Brabourne wrote in 1653 The Change of Church-Discipline, a tract against sectaries of all sorts. This stirred Collings to attack him in Indoctus Doctor Edoctus, &c. 1654. A second part of Brabourne's tract provoked A New Lesson for the Indoctus Doctor, &c., 1654, to which Brabourne wrote a Second Vindication in reply. Collings stated that Brabourne, after leaving the ministry, had tried several employments. He had been bolt-poake, weaver, hosier, maltster (in St. Augustine's parish), and was now "a nonsensical scribbler", who was forced to publish his books at his own expense. While this dispute with Collings was going on, Brabourne brought out an Answer to the Sabbatum Redivivum, &c., of Daniel Cawdrey, rector of Great Billing, Northamptonshire. Cawdrey was dissatisfied with White's treatment of the question in answer to Brabourne; and Brabourne was unconvinced by Cawdrey.
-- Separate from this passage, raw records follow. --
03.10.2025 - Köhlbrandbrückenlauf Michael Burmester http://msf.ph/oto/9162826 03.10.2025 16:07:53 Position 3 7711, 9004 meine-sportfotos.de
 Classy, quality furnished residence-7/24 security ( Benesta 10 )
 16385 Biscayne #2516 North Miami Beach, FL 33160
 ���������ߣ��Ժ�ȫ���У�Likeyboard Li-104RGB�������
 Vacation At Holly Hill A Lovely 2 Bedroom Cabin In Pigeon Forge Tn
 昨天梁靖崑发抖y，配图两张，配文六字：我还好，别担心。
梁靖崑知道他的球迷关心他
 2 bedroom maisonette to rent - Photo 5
Five years later was he wrote on his favourite theme against Ives and Warren.

==Works==
Brabourne published:

- A Discourse upon the Sabbath Day … Printed the 23th [sic] of Decemb. anno dom. 1628. Brabourne maintained that the duration of the sabbath is "that space of time and light from day-peep or day-break in the morning, until day be quite off the sky at night".
- A Defence of that most ancient and sacred Ordinance of God's, the Sabbath Day. … Undertaken against all Anti-Sabbatharians, both of Protestants, Papists, Antinomians, and Anabaptists; and by name and especially against these X Ministers, M. Greenwood, M. Hutchinson, M. Furnace, M. Benton, M. Gallard, M. Yates, M. Chappel, M. Stinnet, M. Johnson, and M. Wade. The second edition, corrected and amended; with a supply of many things formerly omitted. … 1632 (according to Robert Watt, the first edition was in 1631, and there was another edition in 1660. Here "M. Stinnet" is Edward Stennett of Abingdon, father of Joseph Stennett; he was a physician and Baptist, in the congregation of John Pendarves, and adopted sabbatarian views in the 1650s. He published The Royal Law contended for, &c., 1658.
- The Change of Church-Discipline, 1653.
- The Second Part of the Change of Church-Disciple … Also a Reply to Mr. Collins his answer made to Mr. Brabourne's first part of the Change of Church-Discipline … 1654, (the reply has a separate title-page and pagination, A Reply to the "Indoctus Doctor Edoctus," 1654).
- The Second Vindication of my first Book of the Change of Discipline; being a Reply to Mr. Collings his second Answer to it. Also a Dispute between Mr. Collings and T. Brabourne touching the Sabbath Day.
- An Answer to M. Cawdry's two books of the Sabbath lately come forth, &c, 1654.
- Answers to two books on the Sabbath: the one by Mr. Ives, entitled Saturday no Sabbath Day; the other by Mr. Warren, the Jews' Sabbath antiquated, 1659. Jeremy Ives's book was published 1659; Edmund Warren's (of Colchester) was also published 1659.
- God save the King, and prosper him and his Parliament … 1660 (published 9 August.)
- The Humble Petition of Theophilus Brabourn unto the hon. Parliament, that, as all magistrates in the Kingdome doe in their office, so Bishops may be required in their office to own the King's supremacy, &c. 1661, published 5 March. There is A Postscript, [sic] Of many evils [sic] which follow upon the King's grant to Bishops of a coercive power in their courts for ceremonies.
- Of the Lawfulness [sic] of the Oath of allegiance to the King, and of the other oath to his supremacy. Written for the benefit of Quakers and others, who out of scruple of conscience, refuse the oath of allegiance and supremacy, 1661, published 18 March.

==Family==
Brabourne married Abigail, daughter of Roger and Joane Galliard. He was thus brother-in-law of Benjamin Fairfax who married Sarah Galliard.